- San Andrés Semetabaj Location in Guatemala
- Coordinates: 14°44′42″N 91°08′06″W﻿ / ﻿14.74500°N 91.13500°W
- Country: Guatemala
- Department: Sololá
- Municipality: San Andrés Semetabaj

Government
- • Mayor: Gaspar Chumil Morales (URNG-MAIZ)

Population (Census 2002)
- • Religions: Roman Catholicism Evangelicalism Maya
- Climate: Csb

= San Andrés Semetabaj =

San Andrés Semetabaj (/es/) is a municipality in the Sololá department of Guatemala. According to Jorge Luis Arriola's Geonimias de Guatemala (English:Name origins of geographic locations in Guatemala), Semetabaj means "stone of glass-like appearance" and originates from the Spanish word "semet", which means : bottle or flask and, by extension, glass, and by the k'akch'iquel "abaj" which means "stone". Originally, it was called San Andrés Limetabaj.

== History ==

The oldest reference of San Andrés Semetabaj after the Spanish conquest of Guatemala is in the Franciscan convent report written by friar Francisco de Zuasa in 1689, who said that San Andrés Semetabaj was a small town under the jurisdiction of the convent in Panajachel, with population 315 (297 natives and 18 criollos).

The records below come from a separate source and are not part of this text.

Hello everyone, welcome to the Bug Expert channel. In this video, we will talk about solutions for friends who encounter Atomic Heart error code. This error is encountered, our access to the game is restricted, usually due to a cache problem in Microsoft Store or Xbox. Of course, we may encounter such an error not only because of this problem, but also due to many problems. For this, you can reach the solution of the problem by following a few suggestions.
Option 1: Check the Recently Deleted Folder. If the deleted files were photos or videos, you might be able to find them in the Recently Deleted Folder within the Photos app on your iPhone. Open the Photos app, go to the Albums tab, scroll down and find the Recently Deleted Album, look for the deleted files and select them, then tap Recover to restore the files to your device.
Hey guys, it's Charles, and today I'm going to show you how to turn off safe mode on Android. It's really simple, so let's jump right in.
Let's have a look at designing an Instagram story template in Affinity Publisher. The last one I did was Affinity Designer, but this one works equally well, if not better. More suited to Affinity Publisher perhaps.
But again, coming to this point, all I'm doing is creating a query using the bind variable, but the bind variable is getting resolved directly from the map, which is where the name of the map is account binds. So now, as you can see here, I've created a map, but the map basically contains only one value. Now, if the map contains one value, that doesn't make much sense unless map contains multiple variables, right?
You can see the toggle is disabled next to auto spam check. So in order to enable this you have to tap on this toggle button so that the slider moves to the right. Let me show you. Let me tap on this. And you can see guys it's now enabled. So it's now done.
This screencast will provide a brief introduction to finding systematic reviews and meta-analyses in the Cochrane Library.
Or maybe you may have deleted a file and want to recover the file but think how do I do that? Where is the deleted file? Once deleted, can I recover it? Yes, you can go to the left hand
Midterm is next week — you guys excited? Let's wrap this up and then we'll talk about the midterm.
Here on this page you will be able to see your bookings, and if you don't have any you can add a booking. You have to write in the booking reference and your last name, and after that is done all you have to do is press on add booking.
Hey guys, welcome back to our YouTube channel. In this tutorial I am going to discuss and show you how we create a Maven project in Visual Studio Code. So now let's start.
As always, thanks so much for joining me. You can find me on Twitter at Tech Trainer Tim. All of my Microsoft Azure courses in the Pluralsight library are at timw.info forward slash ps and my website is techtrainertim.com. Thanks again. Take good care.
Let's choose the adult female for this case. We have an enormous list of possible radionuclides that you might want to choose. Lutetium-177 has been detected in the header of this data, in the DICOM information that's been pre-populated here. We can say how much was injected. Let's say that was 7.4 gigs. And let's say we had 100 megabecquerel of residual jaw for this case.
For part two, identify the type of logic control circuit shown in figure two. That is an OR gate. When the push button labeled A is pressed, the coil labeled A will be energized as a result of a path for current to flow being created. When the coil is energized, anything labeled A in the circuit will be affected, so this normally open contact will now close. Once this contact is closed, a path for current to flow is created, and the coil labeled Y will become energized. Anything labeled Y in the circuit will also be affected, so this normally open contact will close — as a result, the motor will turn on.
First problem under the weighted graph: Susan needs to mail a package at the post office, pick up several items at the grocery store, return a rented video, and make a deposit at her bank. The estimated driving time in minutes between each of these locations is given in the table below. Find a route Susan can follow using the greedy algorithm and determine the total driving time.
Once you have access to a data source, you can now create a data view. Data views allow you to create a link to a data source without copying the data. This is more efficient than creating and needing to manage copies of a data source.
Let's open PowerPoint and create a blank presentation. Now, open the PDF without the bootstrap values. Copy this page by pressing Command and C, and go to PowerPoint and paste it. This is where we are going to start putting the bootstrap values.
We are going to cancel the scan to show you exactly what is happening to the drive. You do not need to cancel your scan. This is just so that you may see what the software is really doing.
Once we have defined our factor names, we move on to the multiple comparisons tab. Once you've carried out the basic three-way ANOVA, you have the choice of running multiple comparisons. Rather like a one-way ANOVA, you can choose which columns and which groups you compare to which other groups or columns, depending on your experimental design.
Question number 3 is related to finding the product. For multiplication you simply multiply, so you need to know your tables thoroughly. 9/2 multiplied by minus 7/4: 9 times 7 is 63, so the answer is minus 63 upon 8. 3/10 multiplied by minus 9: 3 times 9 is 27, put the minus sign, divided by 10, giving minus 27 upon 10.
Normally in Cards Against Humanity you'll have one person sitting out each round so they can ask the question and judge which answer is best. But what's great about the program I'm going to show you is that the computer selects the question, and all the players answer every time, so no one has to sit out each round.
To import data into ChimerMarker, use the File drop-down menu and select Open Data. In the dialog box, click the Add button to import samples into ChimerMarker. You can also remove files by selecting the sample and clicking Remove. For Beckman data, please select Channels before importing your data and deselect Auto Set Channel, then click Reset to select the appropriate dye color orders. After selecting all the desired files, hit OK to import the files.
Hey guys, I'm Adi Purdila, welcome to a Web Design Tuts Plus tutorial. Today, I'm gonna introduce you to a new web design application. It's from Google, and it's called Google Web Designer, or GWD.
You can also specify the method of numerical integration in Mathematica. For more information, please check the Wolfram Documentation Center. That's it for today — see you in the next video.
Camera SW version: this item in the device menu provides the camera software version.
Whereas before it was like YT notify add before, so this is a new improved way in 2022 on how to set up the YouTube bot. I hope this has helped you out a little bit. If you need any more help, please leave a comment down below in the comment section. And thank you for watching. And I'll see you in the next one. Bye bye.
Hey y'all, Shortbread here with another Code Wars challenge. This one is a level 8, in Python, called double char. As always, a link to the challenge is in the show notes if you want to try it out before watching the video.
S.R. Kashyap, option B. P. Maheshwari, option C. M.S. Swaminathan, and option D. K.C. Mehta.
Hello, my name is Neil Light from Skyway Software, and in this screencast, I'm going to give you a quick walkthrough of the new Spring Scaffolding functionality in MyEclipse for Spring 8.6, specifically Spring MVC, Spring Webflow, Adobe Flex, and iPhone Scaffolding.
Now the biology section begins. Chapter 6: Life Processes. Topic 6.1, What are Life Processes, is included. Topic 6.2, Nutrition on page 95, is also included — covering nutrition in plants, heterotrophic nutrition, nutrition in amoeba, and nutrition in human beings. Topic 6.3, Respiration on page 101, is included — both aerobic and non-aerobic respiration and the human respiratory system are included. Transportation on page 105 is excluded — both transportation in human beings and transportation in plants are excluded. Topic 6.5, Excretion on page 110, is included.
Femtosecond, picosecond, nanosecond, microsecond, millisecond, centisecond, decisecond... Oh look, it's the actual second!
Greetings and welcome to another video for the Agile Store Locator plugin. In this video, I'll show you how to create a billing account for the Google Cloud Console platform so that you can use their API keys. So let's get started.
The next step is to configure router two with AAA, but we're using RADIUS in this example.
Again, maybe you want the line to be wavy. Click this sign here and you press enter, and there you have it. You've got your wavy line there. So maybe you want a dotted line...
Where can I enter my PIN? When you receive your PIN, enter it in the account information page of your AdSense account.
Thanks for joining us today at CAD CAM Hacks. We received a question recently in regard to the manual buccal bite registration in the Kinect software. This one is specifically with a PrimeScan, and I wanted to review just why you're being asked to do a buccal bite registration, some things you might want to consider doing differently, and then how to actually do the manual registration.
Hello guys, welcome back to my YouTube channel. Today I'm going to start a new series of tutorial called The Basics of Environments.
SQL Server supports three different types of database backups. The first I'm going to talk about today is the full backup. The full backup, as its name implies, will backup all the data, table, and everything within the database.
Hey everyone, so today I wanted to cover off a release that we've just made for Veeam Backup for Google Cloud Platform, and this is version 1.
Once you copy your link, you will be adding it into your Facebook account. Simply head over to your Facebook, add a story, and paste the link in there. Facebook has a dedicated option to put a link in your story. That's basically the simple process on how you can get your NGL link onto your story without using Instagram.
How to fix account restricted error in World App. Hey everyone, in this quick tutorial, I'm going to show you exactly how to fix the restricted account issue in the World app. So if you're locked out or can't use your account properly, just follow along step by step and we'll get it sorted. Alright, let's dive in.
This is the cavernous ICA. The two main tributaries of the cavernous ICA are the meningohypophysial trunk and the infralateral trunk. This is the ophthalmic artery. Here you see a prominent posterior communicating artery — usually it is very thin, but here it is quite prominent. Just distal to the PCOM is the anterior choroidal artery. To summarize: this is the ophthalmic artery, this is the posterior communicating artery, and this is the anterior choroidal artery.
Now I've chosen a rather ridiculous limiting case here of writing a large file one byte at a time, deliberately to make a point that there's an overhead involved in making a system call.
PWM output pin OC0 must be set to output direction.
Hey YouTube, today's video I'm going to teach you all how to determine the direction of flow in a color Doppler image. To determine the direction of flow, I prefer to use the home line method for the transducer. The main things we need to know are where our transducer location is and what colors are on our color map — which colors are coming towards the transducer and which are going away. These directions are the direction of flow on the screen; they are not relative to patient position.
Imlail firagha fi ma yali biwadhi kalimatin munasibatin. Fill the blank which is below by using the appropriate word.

In his Descripción Geográfico-Moral de la Diósesis de Goathemala (English:Moral-geographic description of the Guatemalan diocese), archbishop Pedro Cortés y Larraz, written in 1770 after his ecclesiastical visit to his new archidiocese, talks about the San Andrés Tzemetabah town, which, with a population of 320 people was an annex to the San Francisco Panajachel parish.

== Annual fair ==

The annual fair in honor to Saint Andrew Apostle takes places during the last five days of November, being the main day 30 November, the celebration of the Apostle.

==Climate==

San Andrés Semetabaj has temperate climate (Köppen: Csb).

Climate data for San Andrés Semetabaj
| Month | Jan | Feb | Mar | Apr | May | Jun | Jul | Aug | Sep | Oct | Nov | Dec | Year |
| Mean daily maximum °C (°F) | 21.7 (71.1) | 22.1 (71.8) | 23.4 (74.1) | 24.0 (75.2) | 23.6 (74.5) | 21.6 (70.9) | 22.4 (72.3) | 22.9 (73.2) | 22.2 (72.0) | 22.1 (71.8) | 22.0 (71.6) | 21.6 (70.9) | 22.5 (72.5) |
| Daily mean °C (°F) | 15.4 (59.7) | 15.4 (59.7) | 16.7 (62.1) | 17.8 (64.0) | 18.2 (64.8) | 17.2 (63.0) | 17.5 (63.5) | 17.6 (63.7) | 17.2 (63.0) | 17.1 (62.8) | 16.1 (61.0) | 15.3 (59.5) | 16.8 (62.2) |
| Mean daily minimum °C (°F) | 9.1 (48.4) | 8.8 (47.8) | 10.0 (50.0) | 11.6 (52.9) | 12.8 (55.0) | 12.9 (55.2) | 12.7 (54.9) | 12.3 (54.1) | 12.3 (54.1) | 12.1 (53.8) | 10.3 (50.5) | 9.1 (48.4) | 11.2 (52.1) |
| Average precipitation mm (inches) | 0 (0) | 5 (0.2) | 5 (0.2) | 24 (0.9) | 87 (3.4) | 283 (11.1) | 166 (6.5) | 162 (6.4) | 306 (12.0) | 152 (6.0) | 50 (2.0) | 6 (0.2) | 1,246 (48.9) |
Source: Climate-Data.org Instituto Nacional de Sismología, Vulcanología, Meteorología e Hidrología de Guatemala

== Geographic location ==
The municipal capital is 1945 m above sea level.

The municipal capital is reachable through a paved road and through the "Las Trampas" access road, which merges with the CA1 highway (Inter American Highway, km 117) and has a length of 22 km. Guatemala City is 143 km away from San Andrés Semetabaj to the East.